The Liberal government's view of what precisely constitutes "public hate speech" is very much in question here. Miller, in his remarks, stated quite unambiguously that "there are clearly passages in religious texts that are clearly hateful." His cited examples, although he delicately allowed that there are other religious texts that would fall into the same category, were all from the Bible. So would citing those texts publicly constitute "public hate speech"? What if a pastor or priest cited those texts in a sermon condemning LGBT ideology?

Even if we were to take Miller at his very murky word, neither he nor the government can be trusted on this file, as MP Andrew Lawton made crystal clear recently.

Consider the fact that the Liberal Party has presided over a country in which over 100 Christian churches have been vandalized or burned to the ground in the past five years, and has responded primarily by launching new initiatives to combat Islamophobia. In fact, the Liberal government funded a study recently titled the "Rainbow Faith and Freedom Report," which systematically made the case for targeting places of worship that are not LGBT-affirming, and recommended concrete action be taken against these churches.

Indeed, Jamil Jivani sounded the alarm last December about increasing discrimination against Christians in Canada. Garnett Genuis, an Edmonton MP, has also been drawing attention to a progressive campaign to remove charitable status from Christian institutions, including churches--a threat that, despite being included as a recommendation from the Standing Committee on Finance last fall, has gotten very little attention, despite the fact that studies like the "Rainbow Faith and Freedom Report" were conducted to build the government's case for doing so.


When someone makes claims about the Bible--especially that it contains "hate speech"--it is important to analyze not just what is being said, but who is saying it. Considering the Liberal track record, we should treat Miller's words like the threat that they are. It is also worth noting that the Liberal government is justifying the need for their "hate speech" bill in part because they wish to combat antisemitism--and yet, two of the three books of the Bible cited by Miller as constituting "hate speech" come from the Torah.

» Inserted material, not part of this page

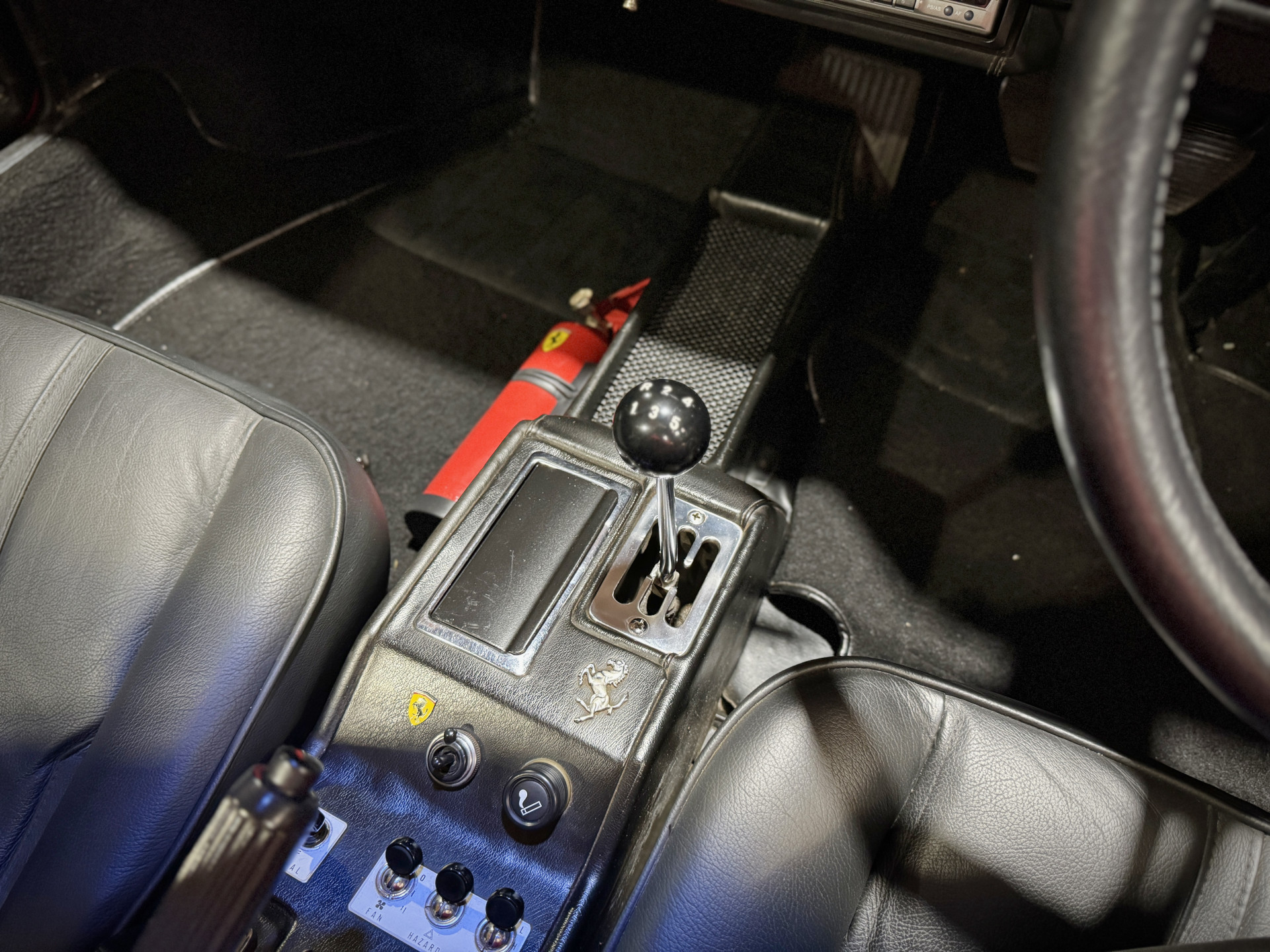 1981 Ferrari 308 GTS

Miller rather gave the game away when he retweeted on X, as a defense and explanation of his words, a famous clip from the American political drama The West Wing in which the president mocks a Christian radio host for her condemnation of homosexuality by portraying the Old Testament as blatantly immoral. It is a clever and well-crafted piece of propaganda, and it reveals precisely what Miller's state of mind is and what he actually thinks of Christians who happen to believe what Christians have believed for 2,000 years. We should take Marc Miller at his word.